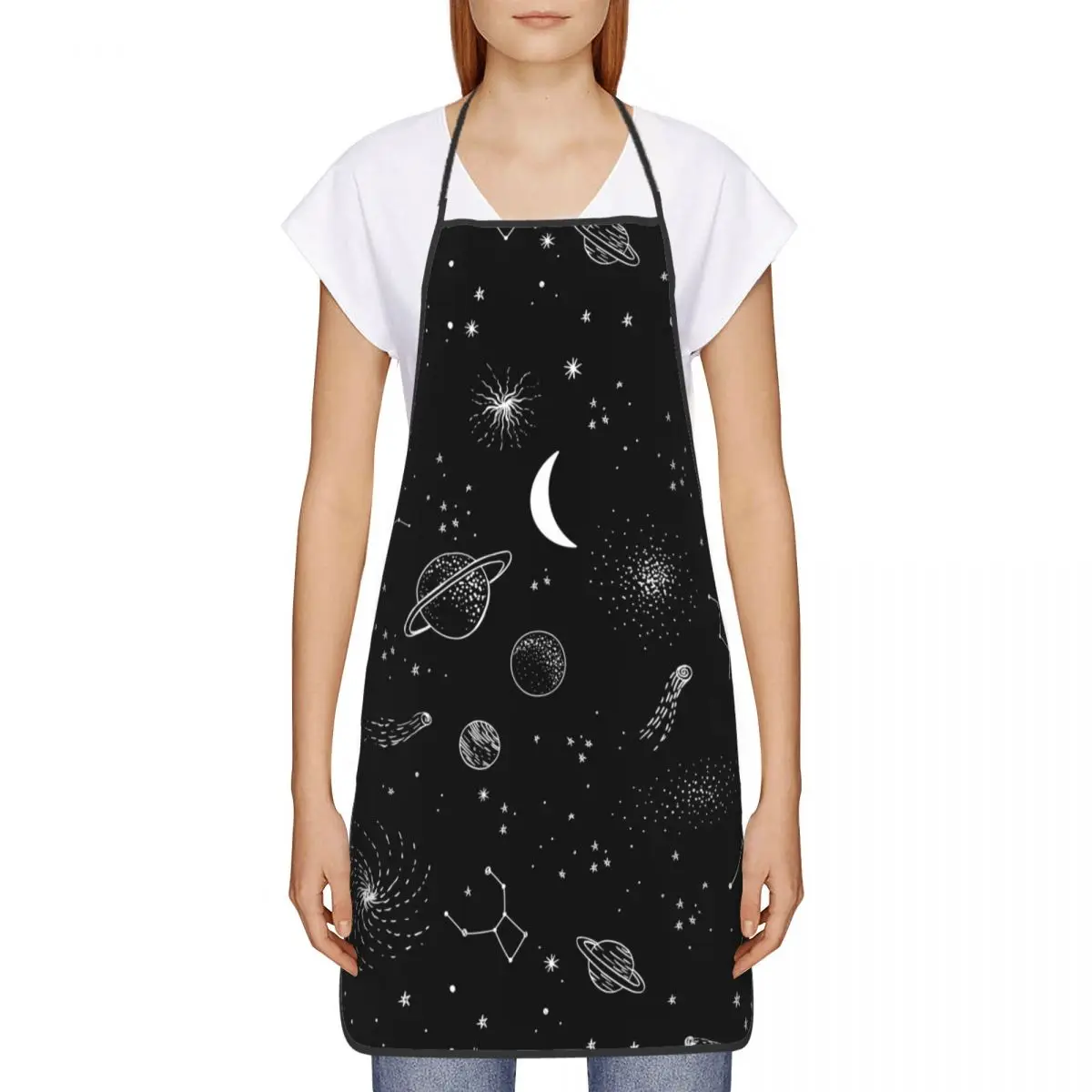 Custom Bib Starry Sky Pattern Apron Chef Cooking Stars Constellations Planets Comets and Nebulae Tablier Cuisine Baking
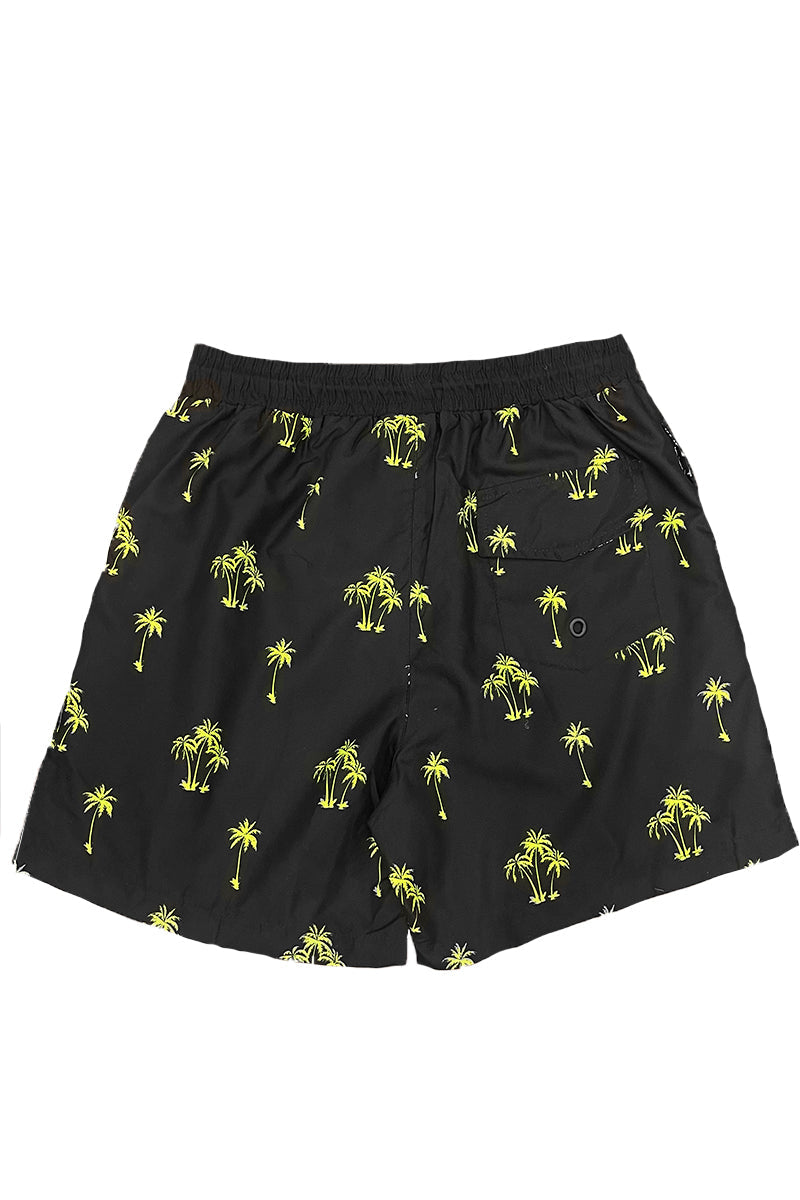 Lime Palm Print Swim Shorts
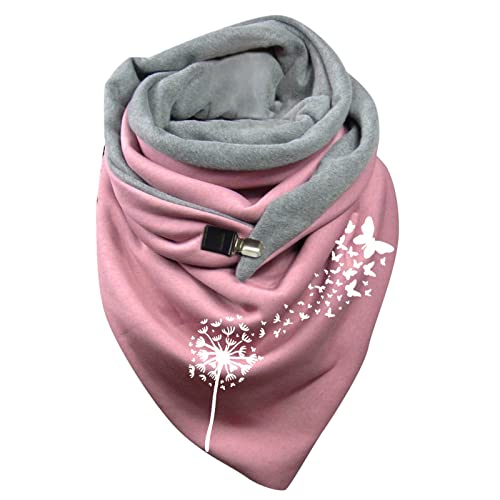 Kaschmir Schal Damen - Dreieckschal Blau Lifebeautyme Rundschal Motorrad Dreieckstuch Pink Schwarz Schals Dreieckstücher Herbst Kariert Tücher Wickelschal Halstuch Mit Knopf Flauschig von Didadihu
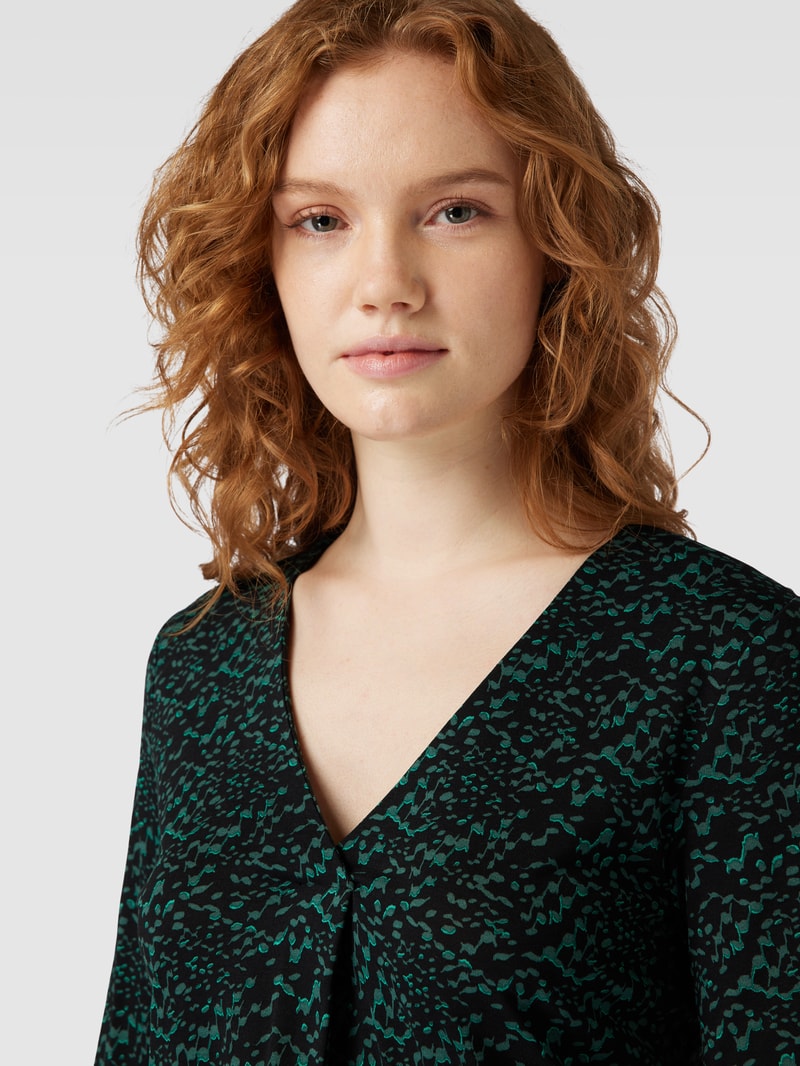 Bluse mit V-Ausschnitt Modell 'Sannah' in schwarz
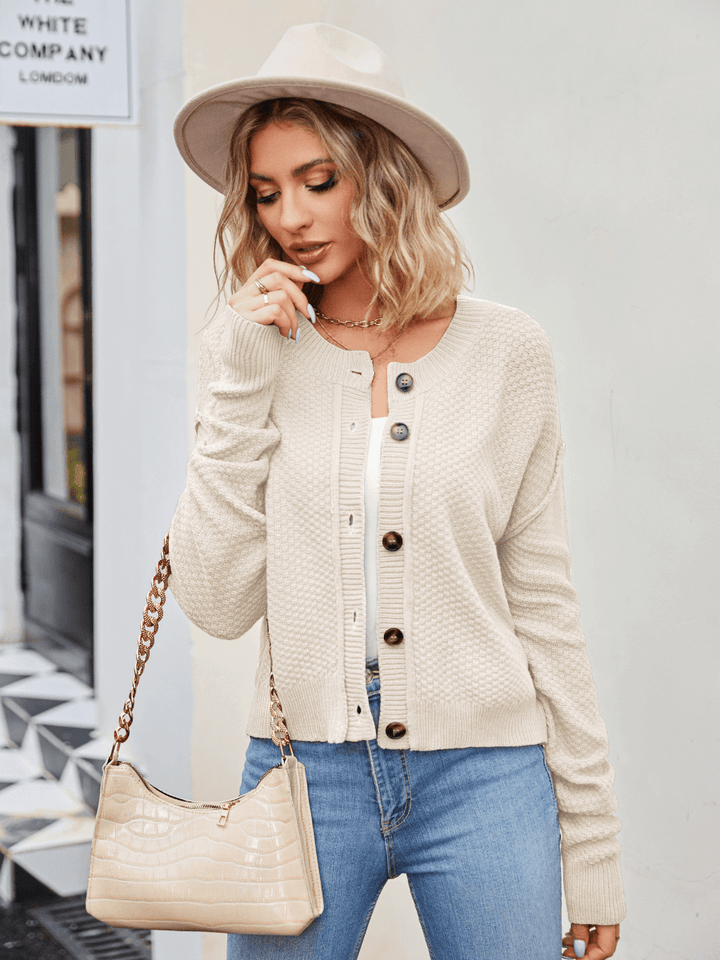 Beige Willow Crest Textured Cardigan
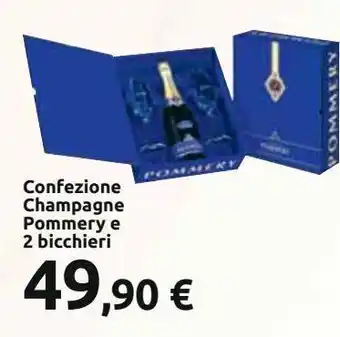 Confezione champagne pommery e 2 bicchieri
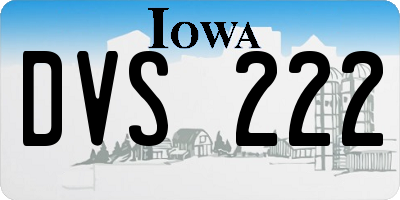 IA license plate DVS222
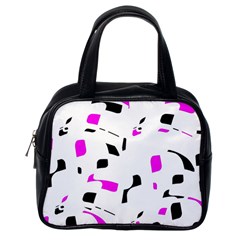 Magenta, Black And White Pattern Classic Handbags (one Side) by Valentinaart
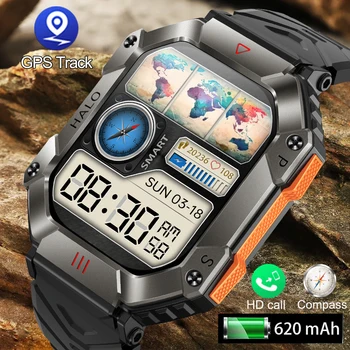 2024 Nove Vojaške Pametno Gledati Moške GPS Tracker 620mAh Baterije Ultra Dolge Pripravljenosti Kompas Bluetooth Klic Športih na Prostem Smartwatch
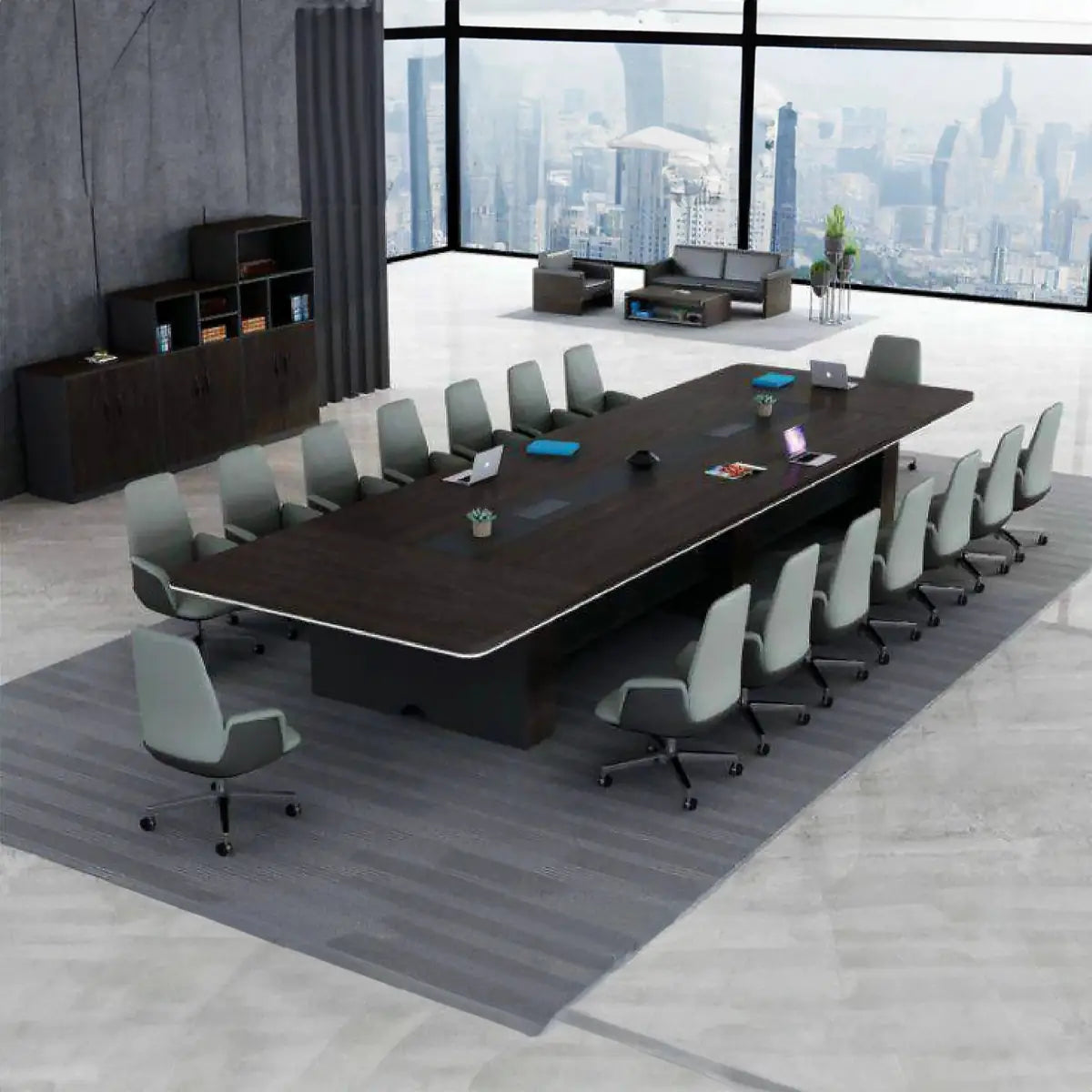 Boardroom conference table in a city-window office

> ACTIVITY:
All entries must be written out again exactly as given, with no pictures in the copy.

> OUTPUT OF THE EXERCISE:
 Custom Bib Starry Sky Pattern Apron Chef Cooking Stars Constellations Planets Comets and Nebulae Tablier Cuisine Baking
 Lime Palm Print Swim Shorts
 Kaschmir Schal Damen - Dreieckschal Blau Lifebeautyme Rundschal Motorrad Dreieckstuch Pink Schwarz Schals Dreieckstücher Herbst Kariert Tücher Wickelschal Halstuch Mit Knopf Flauschig von Didadihu
 Bluse mit V-Ausschnitt Modell 'Sannah' in schwarz
 Beige Willow Crest Textured Cardigan
 Confezione champagne pommery e 2 bicchieri
 IA license plate DVS222
 Magenta, Black And White Pattern Classic Handbags (one Side) by Valentinaart
 2024 Nove Vojaške Pametno Gledati Moške GPS Tracker 620mAh Baterije Ultra Dolge Pripravljenosti Kompas Bluetooth Klic Športih na Prostem Smartwatch
 Boardroom conference table in a city-window office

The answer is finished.